En dát is nu ook hier aan de orde! Gods volk, ooit Gods schone bruid, is bezoedeld en vuil. Zijn uitverkoren bruid, heeft hem verlaten. Ze hebben andere goden gekozen, Gods bruid gaat vreemd. Vandaar deze aller-, allerlaatste waarschuwing: Houd je aan het onderricht van Mozes, mijn dienaar! Terug naar de Tora! De verbondswet, de trouwacte! Zo roept Maleachi op tot huwelijksvernieuwing: terug naar de eerste liefde! En dat doet hij in de schaduw van die naderende oordeelsdag, Dies Irae, Dag van Gods toorn. De dag die wij vaak ‘Jongste Dag’ noemen, heet bij de profeten dus de Dag van de HEER. Daarmee wordt niet alleen een echte laatste dag bedoeld, maar ook een tijd. Aan het eind van het Oude Testament kondigt God een nieuwe tijd aan. Nieuwe tijden, nieuwe hoop, zou je zeggen. Maar deze z.g. ‘dag’ is dus allereerst een donkere wolk die boven Gods volk hangt. Het is een tijd van oordeel en toorn, van rechtspraak en straf. Daarom moeten zijn kinderen nog één allerlaatste keer horen: keer terug naar de wet van Mozes.

En die waarschuwing komt door een profeet die Elia genoemd wordt. Aan wie moet je dan denken, zo aan het eind van het Oude Testament? Dat is wel een beetje ingewikkeld hier, let dus even op. In 3,1 had God al gezegd: let op, ik zal mijn bode zenden! Kijk eens goed, wie is dat? Je gaat, kijkend vanuit ons Nieuwe Testament, iets vermoeden als je verder leest: hij zal naar mijn tempel komen, de Heer naar wie jullie uitzien, de engel van het verbond naar wie jullie verlangen. Dat is dus niemand minder dan Gods eigen Zoon, Jezus Christus!

Maar voor hém uit gaat nog een ándere bode. En dat is die z.g. ‘Elia’! In het Nieuwe Testament wordt duidelijk wie dat is: Johannes de Doper! In Matteus 11,15 zegt Jezus over hem: hij is die Elia die komen zou. En ook zegt Jezus daar: er is niemand groter dan Johannes de Doper! Want hij is de wegbereider voor God zelf. God die in zijn Zoon naar de wereld komt.

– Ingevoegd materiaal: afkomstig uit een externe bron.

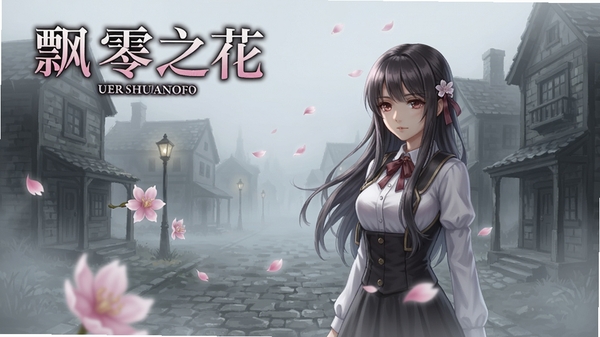 朝雾中飘零之花 游戏主界面 女主角 浓雾小镇 背景 雾中飘零之花 画面 视觉小说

Dat is het droeve en tegelijk toch hoopvolle eind van het Oude Testament! Gods volk is failliet, maar Gods Zoon komt. En voor hem uit die wegbereider, die Gods volk terugbrengt naar de Wet van Mozes. Wat moeten we doen in deze tijd van geloofscrisis? In deze tijd waarin culturen van generaties zo maar van elkaar vervreemden? Je kunt je zorgen hebben over de kerk in deze tijd. Je kunt soms het gevoel hebben dat generaties elkaar niet meer bereiken en begrijpen. Er is maar één manier om de moed niet te verliezen, om hoop te houden. Samen terug naar het begin, de woorden en het verbond van de HEER. Maar hoe doe je dat? Hoe doe je dat op een manier die verbindt? Wat samenbindt is, dat we elkaar eerlijk bevragen: hoe volg jij de weg van de Heer? Als je gaat trouwen; of misschien wel samenwonen; of misschien wel gaat scheiden. Hoe spreken we elkaar aan, op een manier waarmee je elkaar niet verliest maar wint? Ook over je kerkgang, of je twee keer naar de kerk gaat, of misschien één keer. Wat zou je aan iemand van een andere generatie willen vragen. Niet zeggen, nee, vragen; niet de les lezend, oordelend, maar helpend, omdat je zelf ook elke keer weer terug moet naar wat God wil voor jou. Samen zoeken, samen bidden, samen leven tot Gods eer.

2.

Maleachi profeteert in een donkere tijd. Als je dit boekje leest, zie je heel wat langskomen. Een tempeldienst die alweer helemaal verworden is tot vormendienst, lege rituelen. Huwelijken tussen gelovigen en ongelovigen, echtscheidingen. Onrecht, onderdrukking van armen en kwetsbaren. Allemaal zaken die Gods toorn opwekken. In deze laatste dialoog zie je ook geloofstwijfel aan de orde komen. Na de terugkeer uit ballingschap kwam niet het nieuwe begin waarop ze gehoopt hadden. Al snel verflauwt de hoop en verzwakt hun vertrouwen. Zo zelfs dat ze zich afvragen: waarom zou ik in God geloven? Als mensen zonder God het ook redden?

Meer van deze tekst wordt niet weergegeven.